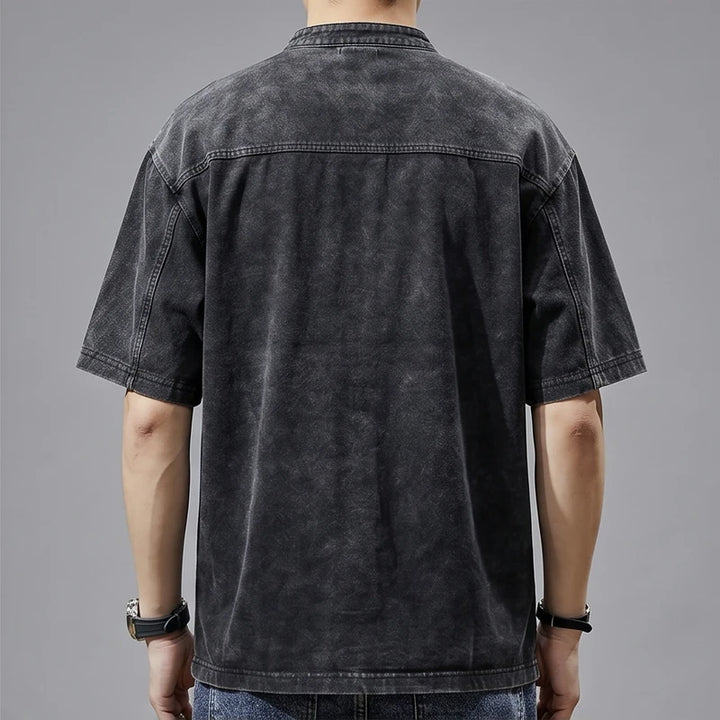 Model wearing Black Renn Faded Mandarin Collar Shirt in studio - 2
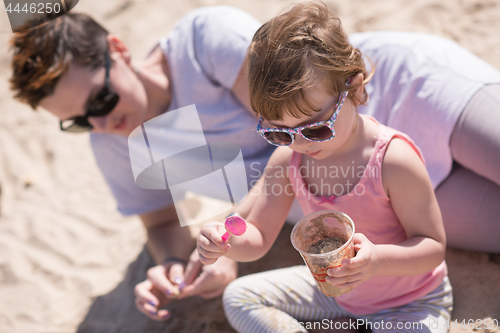 Image of Mom and daughter on the beach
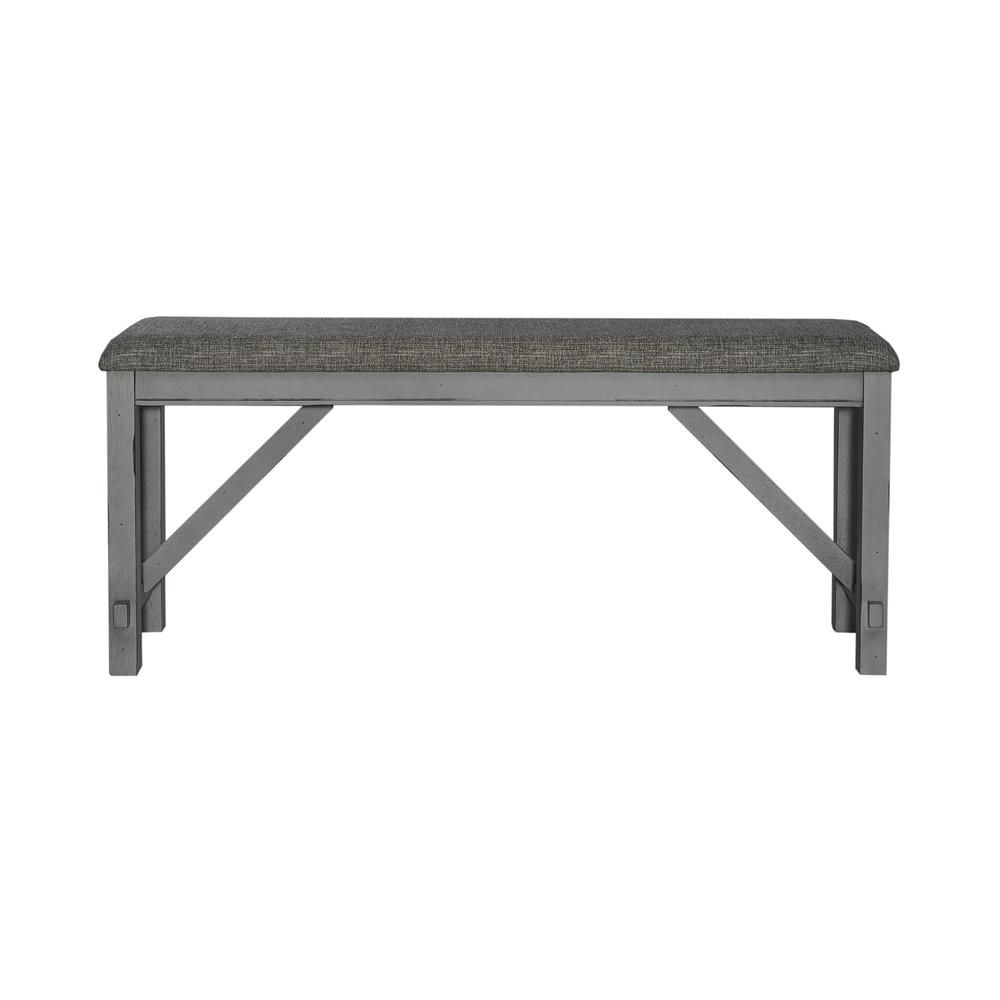 Counter Height Dining Bench Transitional Grey. Picture 2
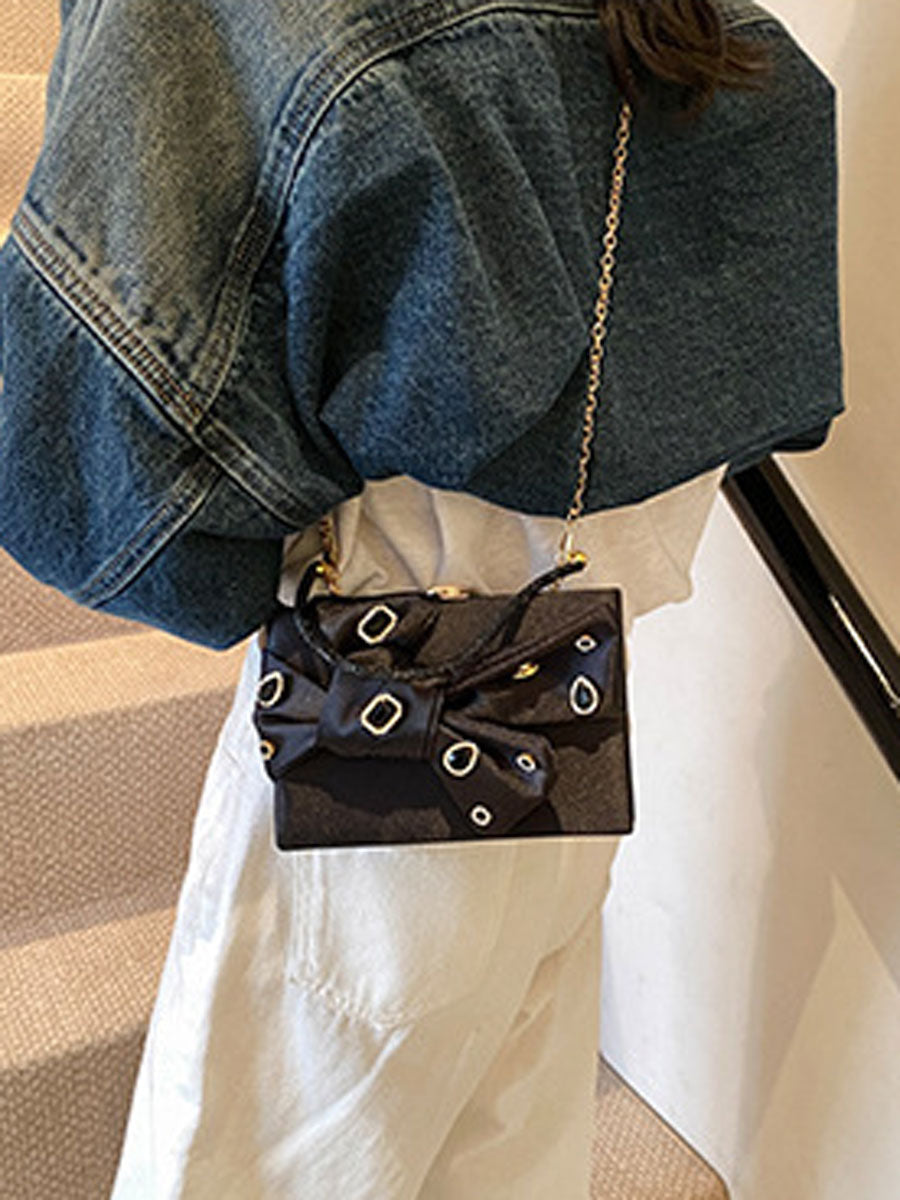 Bowknot Chain Evening Party Bag Black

....................

*AIM OF THE TASK*.
Retype the data above exactly, dropping every picture.

*WRITTEN ANSWER*.
 Model wearing Black Renn Faded Mandarin Collar Shirt in studio - 2
 Image of Mom and daughter on the beach
 Counter Height Dining Bench Transitional Grey. Picture 2
 Bowknot Chain Evening Party Bag Black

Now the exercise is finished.